Return each line of the entries that holds the string "Black".

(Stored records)
************

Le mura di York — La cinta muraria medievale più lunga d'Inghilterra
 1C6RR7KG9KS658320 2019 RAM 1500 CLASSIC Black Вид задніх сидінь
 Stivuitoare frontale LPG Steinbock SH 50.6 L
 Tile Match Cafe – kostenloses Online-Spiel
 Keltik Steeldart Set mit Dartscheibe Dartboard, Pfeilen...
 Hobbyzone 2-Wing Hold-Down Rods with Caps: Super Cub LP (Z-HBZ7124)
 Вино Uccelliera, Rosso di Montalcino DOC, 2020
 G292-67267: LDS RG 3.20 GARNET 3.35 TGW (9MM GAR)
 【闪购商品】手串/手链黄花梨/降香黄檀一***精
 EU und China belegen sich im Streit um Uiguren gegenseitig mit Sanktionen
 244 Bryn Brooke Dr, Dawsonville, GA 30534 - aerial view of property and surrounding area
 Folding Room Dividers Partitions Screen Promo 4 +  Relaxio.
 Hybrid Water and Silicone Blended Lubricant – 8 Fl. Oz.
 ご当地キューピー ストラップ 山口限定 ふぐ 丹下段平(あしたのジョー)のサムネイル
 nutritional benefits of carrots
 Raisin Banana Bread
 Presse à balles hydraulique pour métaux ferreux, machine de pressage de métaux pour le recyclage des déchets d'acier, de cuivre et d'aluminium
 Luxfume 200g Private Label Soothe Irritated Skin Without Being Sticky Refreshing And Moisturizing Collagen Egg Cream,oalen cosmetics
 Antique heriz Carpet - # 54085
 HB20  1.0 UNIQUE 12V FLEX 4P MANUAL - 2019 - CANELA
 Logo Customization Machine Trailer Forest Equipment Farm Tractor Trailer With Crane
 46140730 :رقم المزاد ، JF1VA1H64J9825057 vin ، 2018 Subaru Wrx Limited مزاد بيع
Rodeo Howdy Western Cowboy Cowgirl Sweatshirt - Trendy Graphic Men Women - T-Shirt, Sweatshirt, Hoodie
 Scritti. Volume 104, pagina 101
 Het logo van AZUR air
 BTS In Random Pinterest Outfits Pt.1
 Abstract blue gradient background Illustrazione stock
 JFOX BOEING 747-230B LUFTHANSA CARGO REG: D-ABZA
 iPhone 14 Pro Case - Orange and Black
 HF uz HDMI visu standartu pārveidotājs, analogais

************

> _ANSWER TO THIS EXERCISE_
 1C6RR7KG9KS658320 2019 RAM 1500 CLASSIC Black Вид задніх сидінь
 iPhone 14 Pro Case - Orange and Black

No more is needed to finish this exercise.